Each of the 4 conditions (A, V, A = V, A≠V) included 40 trials at each SNR level. In the A≠V condition, this made for a total of 400 words used (5 SNR levels×40 trials×2 words per trial). There were no repetitions among these 400 words. For the 6 SNR levels of the A and the A = V conditions, as well as the V-alone condition, a total of 520 words were drawn from the same pool (6×2+1 = 13 combinations of condition and SNR level; 40 trials each; 13×40 = 520). There were no repetitions among these 520 words, but overlap with the 400 words in the A≠V condition could not be avoided. Stimuli were identical for all subjects to reduce cross-subject variability.

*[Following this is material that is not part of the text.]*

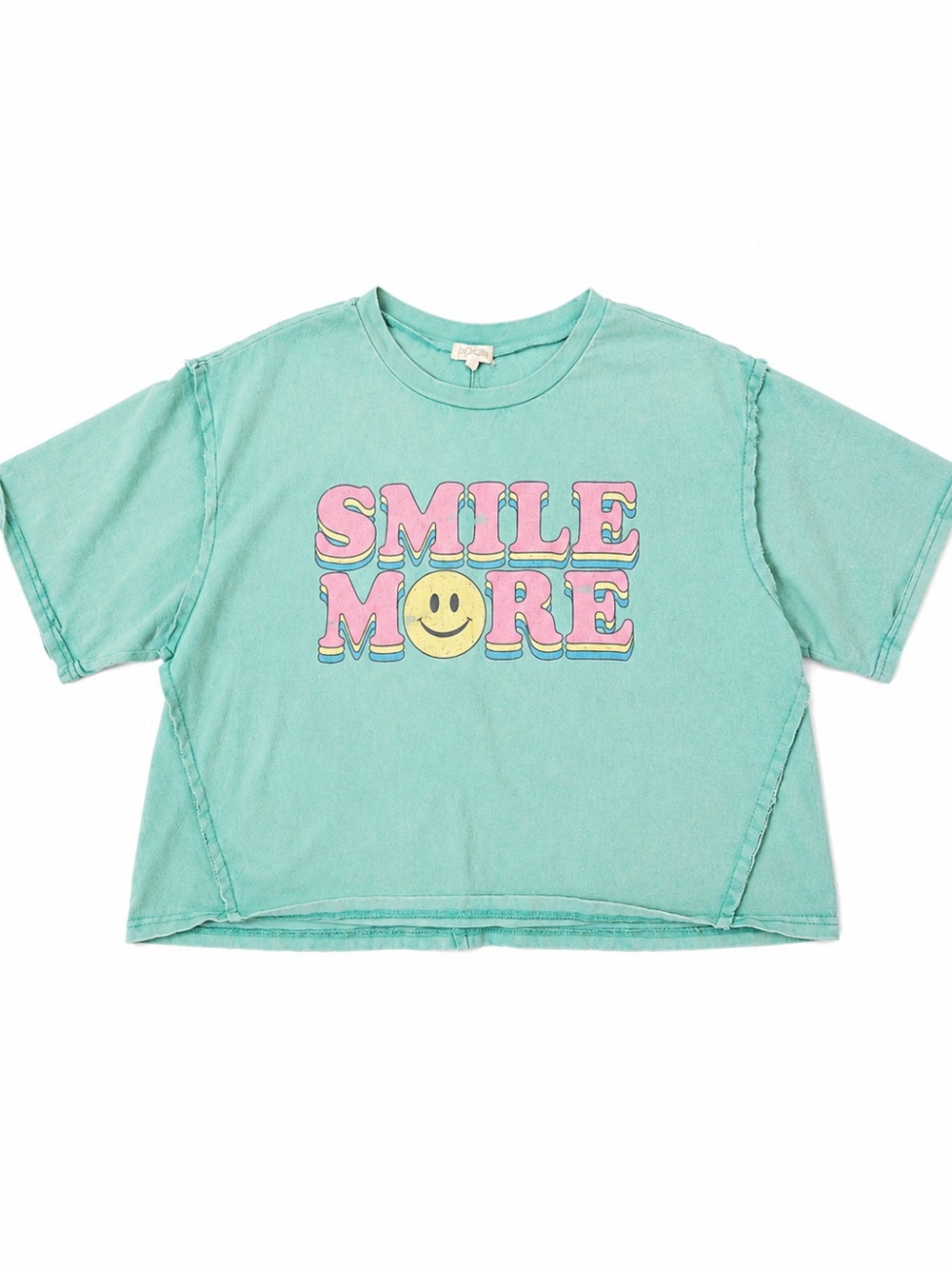 ROOLEE “Smile More” Graphic Cropped Tee – Size Medium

Except for varying SNR levels, the noise was identical in all conditions in order to reduce variability, while the presentation of all stimuli was fully randomized to control for potential learning effects. A brief instruction was shown to participants before the experiment. Participants were required to write down the words they identified, and asked to note when they did not recognize a word. Subjects had no time constraints to give their response, but answered in 5–10 seconds, making each experiment last approximately 90 minutes. For classification as correct, we insisted on correct spelling. After the experiment, participants were presented with the full list of words used in the experiment and asked to indicate any words they did not know. These words were then excluded from the analysis and no longer presented to subsequent subjects.

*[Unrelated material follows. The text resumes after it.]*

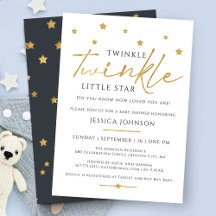 Cute Guld Twinkle Twinkle Little Star Baby Shower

Background: words as points in a high-dimensional feature space.

Traditionally, words are conceived of as a sequence of phonemes, with phonemes representing the elementary carriers of word identity. Classic phonetic features are grouped in categories such as place of articulation, voicing, and manner. These phonetic features have been derived empirically focusing on auditory stimuli. However, the definition of relevant phonemes depends also on the type of stimulus [22], [23]. For instance in speech-reading, the visual stimulus may not be sufficient to disambiguate among distinct phonemes (e.g. in words such as ‘pad, ‘bat’, and ‘mat’, the phonemes /p/, /b/, and /m/ are difficult to disambiguate visually and may be considered the same ‘viseme’ [24]). Similarly, an auditory stimulus distorted by noise, or degraded due to hearing loss will no longer communicate some phonetic features [25], [26]. The specific phonetic identification depends therefore on the specifics of the audio-visual speech stimulus. Given this dependence on the stimulus, there has been an effort to automatically extract relevant auditory and visual features directly from the stimulus in conjunction with behavioral experiments on phoneme identification [22], [27]. These experiments, and the associated computational and modeling approaches, by and large have converged on the notion that words can be represented by a conjunction of features, with each phoneme in a word contributing a set of features. This feature space can be generally thought of as a topographic space with well-defined neighborhood relationships [28]. For instance, words that are “close by” are more likely to be confused when the stimulus is distorted by noise. In this feature space, words are not evenly distributed, and words that are clustered in high-density regions are harder to recognize [28], [29]. The conjunction of phonetic features of several phonemes can make this space rather high-dimensional. However, not all phonetic combinations occur equally likely, and even fewer combinations represent actual words in a lexicon [30]. Such phonotactic and lexical constraints allow accurate word identification even in a reduced phonetic representation [23], [29], [31]. Essentially, in the high-dimensional joint feature space, many areas have a zero probability of containing a lexically correct word. Empirical evidence also suggests that high-frequency words are easier to recognize, implying that the prior probability of a given word plays a role in correct identification [28].

Bayes-optimal word recognition in n-dimensional space.

We present a first-principles model for multisensory word recognition that captures the main concepts of a stimulus neighborhood in high-dimensional feature space, where the reliability of the signal affects the size of the neighborhood and lexical information is represented by the distribution of words.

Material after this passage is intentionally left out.